Dicen que allí hay calor humano. Ya puede haber temperaturas inefablemente bajas, hielo en las calles y lagos helados, que las contraventanas de las casas permanecen abiertas y con una luz hermosa para iluminar la noche. Y si es Navidad cuando usted tenga la fortuna de pasar por esas calles, verá que son candelabros de siete brazos los que adornan cada uno de los cuadros que diagraman las coloridas fachadas
Como podrán ya sospechar, lo del frío es un mito. En realidad, el antiguo pueblo que domina estos lares conserva un sabio adagio que recoge la experiencia de tiempos antiguos: "No existe el frío, sino la vestimenta inadecuada". Alguna condición tenía que haber para ahuyentar a los medrosos, para alejar a los impasibles y a los malintencionados.
Además, los eruditos de ese país han optado con inteligencia para introducir la duda en la mente de los extranjeros y así han desarrollado inveteradas leyendas sobre dioses violentos y sedientos de sangre, que en los últimos tiempos de manera sorpresiva cobraron formas insospechadas, más o menos de novelas detectivescas y policíacas en los que aparecen mentes monstruosas y locos imparables, pero en las que no se puede ocultar la cara amable y solidaria que caracteriza estas gentes.
Se ha hablado de su hermosura, tanto de los paisajes, como de los pobladores. Y algunos pormenorizan que no han visto en ningún otro lugar del mundo caras tan elegantes y melenas tan luminosas. Hasta han creado mitos trasplantados en playas lejanas y reprimidas, donde el poder ha solido cohibir exageradamente las pasiones de la naturaleza.
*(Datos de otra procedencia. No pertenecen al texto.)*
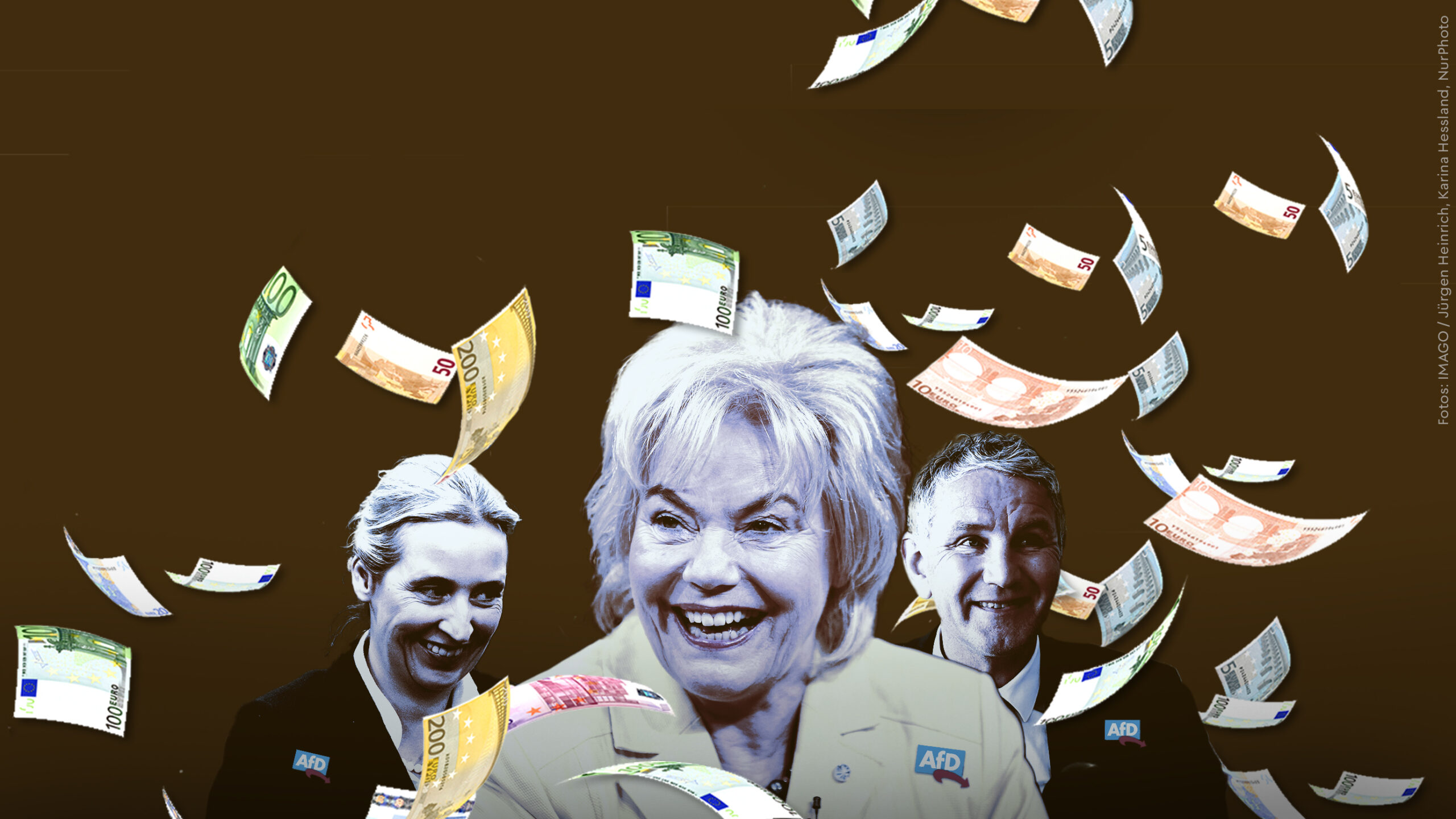 Eine stilisierte Grafik, welche die Vorsitzende der Desiderius-Erasmus-Stiftung Erika Steinbach vor einem braunen Hintergrund zeigt. Im Hintergrund sind Alice Weidel (Co-Vorsitzende der AfD) und Björn Höcke (Vorsitzender der AfD Thüringen) zu sehen. Um sie herum fallen Geldscheine von oben nach unten.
Son cosas inevitables. La información circula y no es posible poner puertas al campo. No sólo lo malo se transmite, porque la envidia, sea sana o no, es difícil de dominar, y esa belleza y esa generosidad no se disfrutan sin precio. De ahí que, para contrarrestar, se destaque tanto del predominio de la noche y de la frialdad, tanto del clima, como de la gente. Pero eso, al que tenga un poco de sentido crítico, no le parecen sino excesos sin fundamento, cuando no falsedades inventadas para proteger el paraíso.
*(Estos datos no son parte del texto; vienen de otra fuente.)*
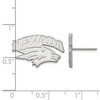 Black Bow Jewelry 10k White Gold Nevada Wolf Pack NCAA Post Earrings - 2 of 3
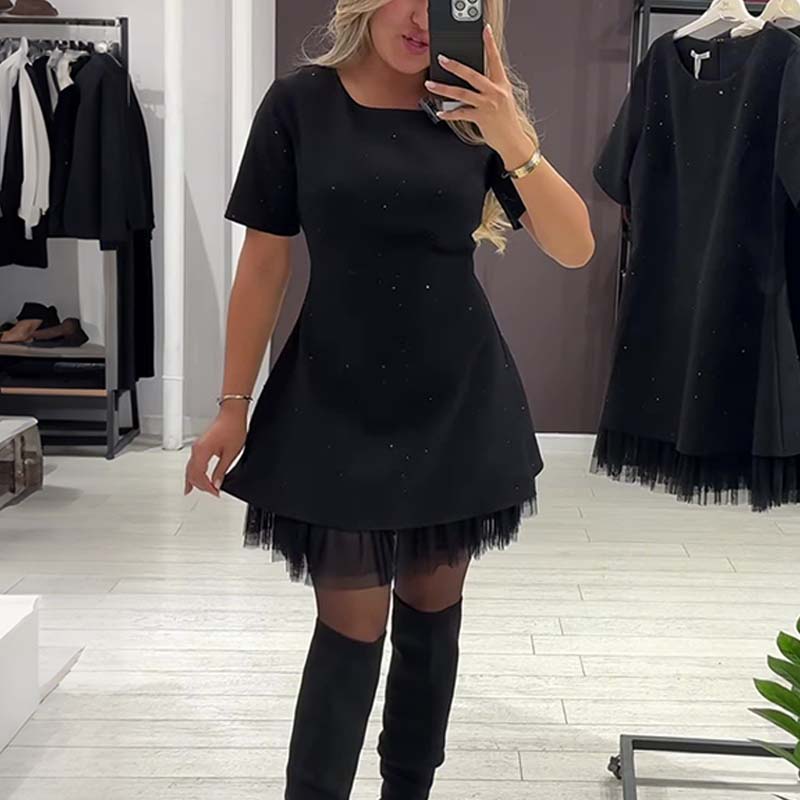 🔥Hot Sale Offers-Women’s Sparkling Lace Trim Short-Sleeve Mini Dress | Elegant & Shimmering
Alguno ha narrado incluso que se pueden dejar las cosas sin temor en los lugares públicos y rara es la ocasión en que no se las encuentra uno tal y como las abandonó, con la cartera y los billetes en su sitio. Y hasta que hay abundancia de niños, de crines transparentes, a los que los padres cuidan durante largo tiempo sin perder sus preciados trabajos. Pero uno a creerse tanto no llega, por la indiscutible razón de que, si allí habitan hombres, la maldad y la corrupción no es inexistente. Si tuviera que llegar a admitir lo contrario, ya optaría por negar que ese reino sea real, y que nos están hablando de un lugar imaginario.